Professor Christopher Yoo of Vanderbilt sent an email to Dave Farber’s Interesting People list explaining why the inclusion of network neutrality conditions in the AT&T/BS merger agreement violates the Administrative Procedure Act (APA).
I usually disagree with Yoo on matters regulatory (he being of the neo-con deregulatory school, I being of the pragmatic regulation for a real world school). But that’s a matter of opinion. Here, however, he’s legally and factually just plain wrong. While he’s entitled to argue that he thinks “regulation by merger” sucks rocks (a point with which, no surprise, I disagree), the idea that the merger conditions run afoul of the APA is contrary to statute, contrary to case law, and contrary to the facts of the instant case (with which Professor Yoo seems surprisingly unfamiliar).
Usually, I wouldn’t bother to respond to something like this, but it got picked up by Communications Daily and seems to be making the rounds among tech folk unfamiliar with the case law in question. So while no offense to an opponent who usually knows his stuff, I explain in blistering detail what’s wrong with Yoo’s argument below….
Most of Yoo’s email (reprinted in full at the end) addresses how he feels the AT&T conditions illustrate everything wrong with using mergers to impose conditions that really amount to rules that the FCC should apply to everyone by rulemaking. I disagree, both with the philosophy and with how things played out in this case, but that’s a policy argument (which I intend to address in a later post).
Yoo then goes on to challenge the legality and enforceability of the net neutrality condition.
>The process is even more problematic when one recognizes that these conditions (along
>with similar conditions imposed in the SBC-AT&T and Verizon-MCI acquisitions)
>were imposed while the FCC was has a formal proceeding open to assess network neutrality.
>In addition, these merger conditions turn the FCC Policy Statement issued on
>September 23, 2005, (which also included language acknowledging network operators right
>to protect the network and to engage in “reasonable network management” that might also
>be regarded as loopholes) into a binding obligation even though the Policy Statement was
>never subject to notice and comment. The D.C. Circuit’s 1992 and 1993 Bechtel decisions
>has struck down previous attempts to turn policy statements into law without subjecting
>them to full notice and comment as arbitrary and capricious.
Yoo is simply wrong on both law and fact here.

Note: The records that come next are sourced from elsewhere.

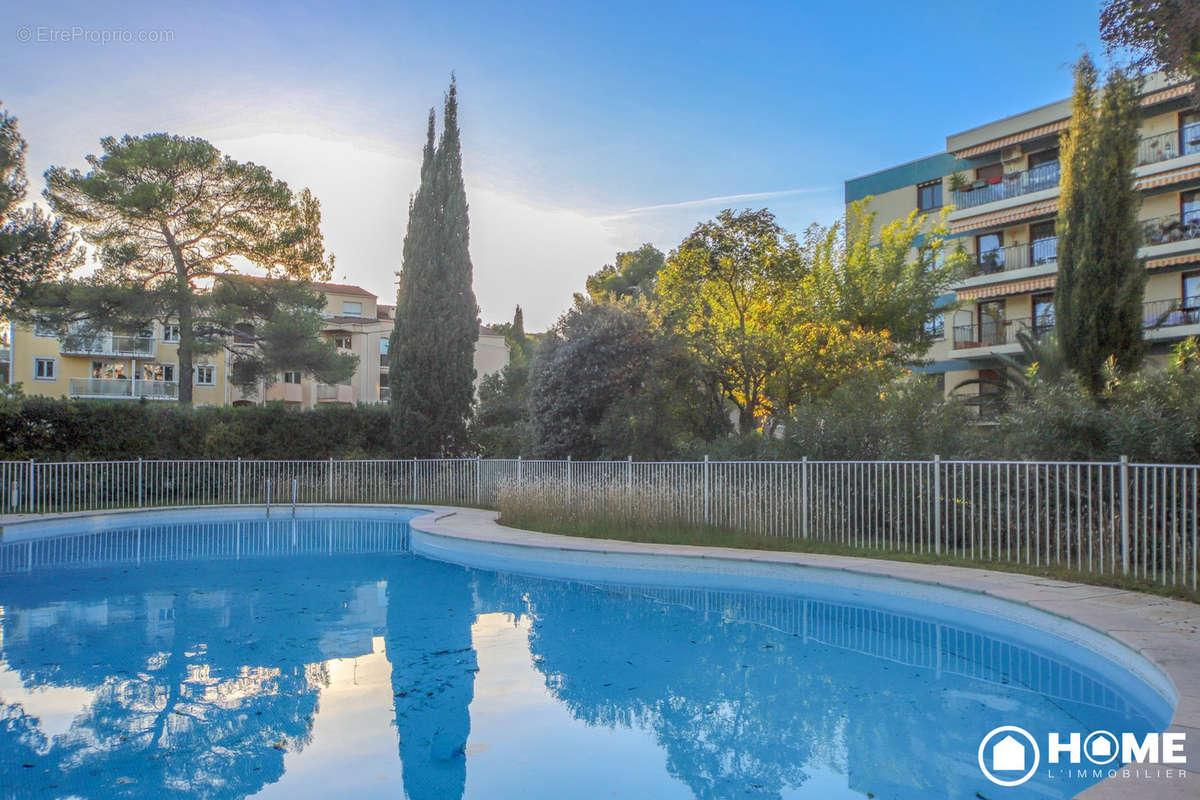 Piscine - Appartement à MONTPELLIER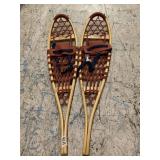 Lot with a pair of wooden frame snowshoes brand Iv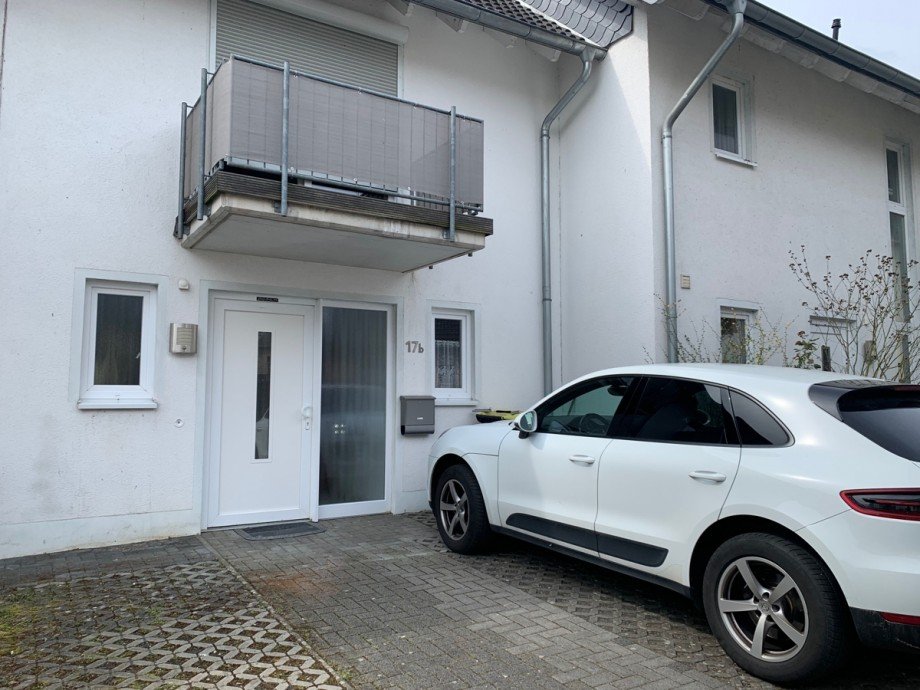 Stellpl�tze Reihenhaus Hennef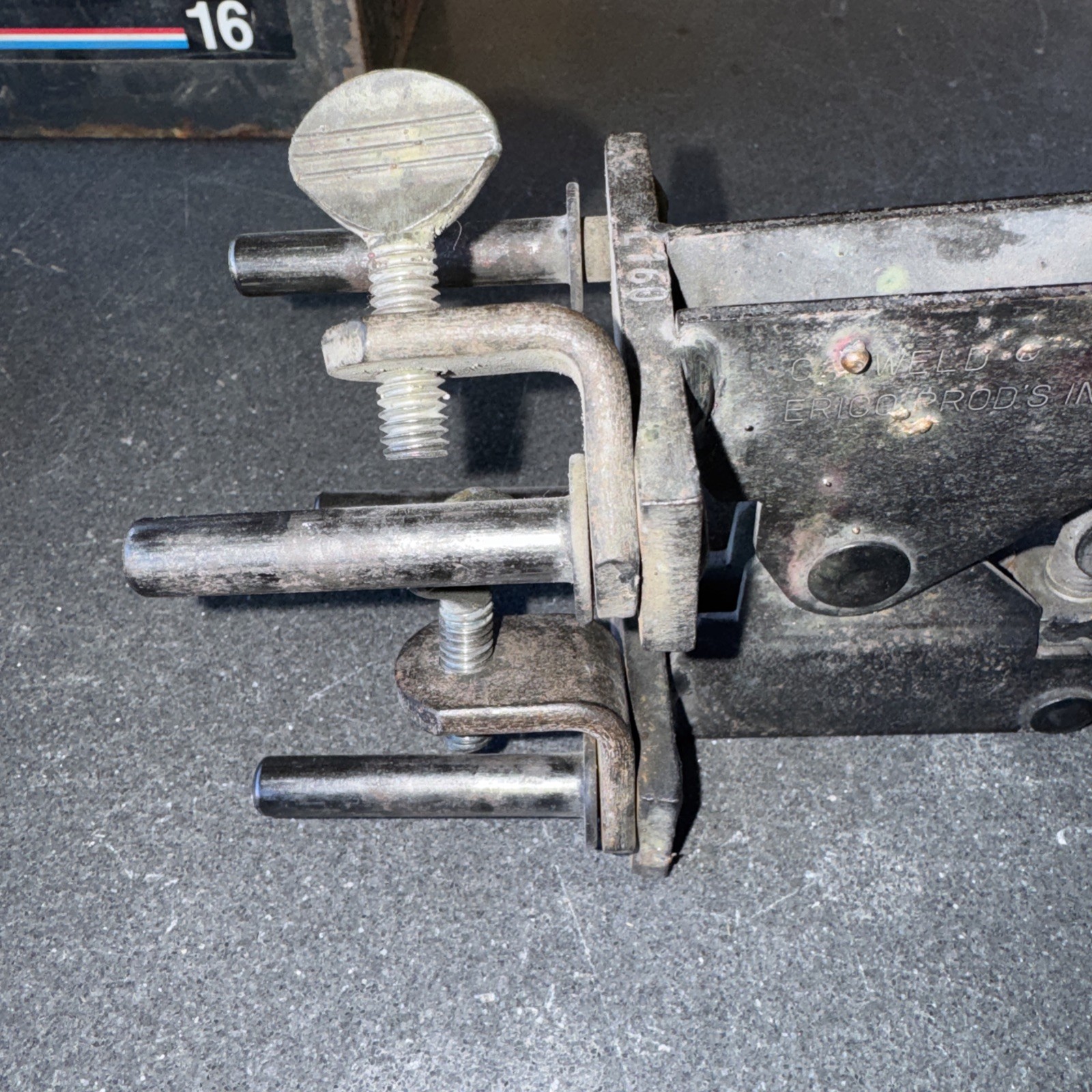 L160 nVent Erico Cadweld Handle Clamp For Exothermic Mold E-Z Change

To explain why, however, I need to provide some background on Administrative Law and how FCC merger review fits in.
Some Tedious But Necessary Background: “Adjudications” v. “Rulemaking”
The APA provides a general framework for how agencies should create rules and adjudicate rights. Of importance here, the Act makes a distinction between “rulemakings” and “adjudications.” “Rulemakings” apply generally to all parties and regulate future conduct. Adjudications are limited to a specific set of facts and only directly impact the parties subject to the adjudication. However, rather like a court making precedent, adjudications can have binding value and provide guidance to parties engaging in conduct similar to that adjudicated. (You may find the guidance issued by the Attorney General in 1947 following passage of the act helpful on this point.)
For example, the FCC resolves indecency complaints by adjudication. So, technically, the FCC’s decision that Bono’s use of a fleeting expletive at the Golden Globes award applies only to the broadcasters who carried the transmission unedited. But other broadcasters understand that if they broadcast something similar, they will get in trouble. On the other hand, it is apparently o.k. to transmit, unedited, Saving Private Ryan provided it is on Memorial Day, as evidenced by the FCC decision that such a broadcast did not violate indecency rules.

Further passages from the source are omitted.